The Danish but Berlin-based architect created the homes for a sustainable housing development called Frikøbing, which is located around 60 kilometres inland from Copenhagen.
The affordable typologies, which cost approximately 15,000 DKK (£1,745) per square metre, are named The Green House and The Light House. The houses have slight variations but are both designed to make use of passive cooling and heating in a bid to reduce energy consumption in line with Frikøbing's principles.
The Green House is 82 square metres, with a 32-square-metre winter garden, and comes in at just under £200,000, while The Light House is a mono-pitched design with a plan of 135 square metres, making it £235,500.
Presently, just one of each house has been built, but Larsen has plans for others on the site.
"All future house designs in the area will be uniquely designed for individual families and their needs and budgets," he told Dezeen. "But all houses follow the same zoning plan for the area with high requirements of sustainability."
"The development plan for the area has high demands on sustainability for construction materials, insulation, energy and air circulation," added Larsen.
The Light House, a three-bedroom residence with a large open-planning living area at its centre, is covered in planks of untreated larch.

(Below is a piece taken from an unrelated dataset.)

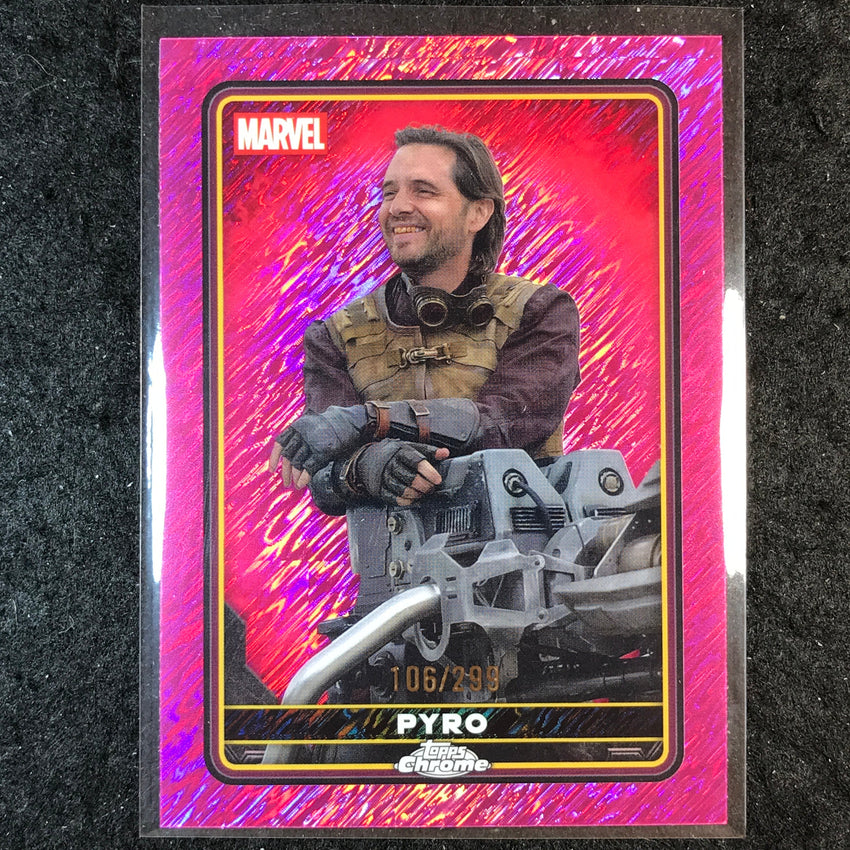 2025 Topps Chrome Deadpool PYRO Characters Pink Shimmer /299 #25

The slanted roof creates a high ceiling over the living room, and space for a mezzanine-level guest bedroom or study. A high-level window coupled with bright white paintwork ensures this area is well lit.
Other irregularly placed windows are positioned to give residents a specific view of the landscape or to capture the sunlight at different points in the day. The windows are triple-glazed to help keep the internal temperature constant.
White-painted walls, concrete flooring and pale larch details help to reflect the light and create a uniform appearance throughout.
The Green House shares the same simple mono-pitched form, but features a lean-to glass house on its southern side. The generously sized winter garden makes up for the slightly smaller floor area of the main house and together they create a gabled form.
Like The Light House, it features a simple arrangement of rooms that Larsen devised to help keep construction costs low.
The bedrooms and bathroom are set at the northern side of the building, while the open-planned living space opens onto the glasshouse. The greenhouse is designed to collect the heat of the day and help to warm the house.
A mezzanine tucked above the kitchen makes the most of the tallest point of the ceiling and provides a movie-watching space. The whole space is lined in panels of birch plywood.
Sigurd Larsen recently completed another holiday home on the Swedish island of Gotland, which is made up from a number of mono-pithed roofs.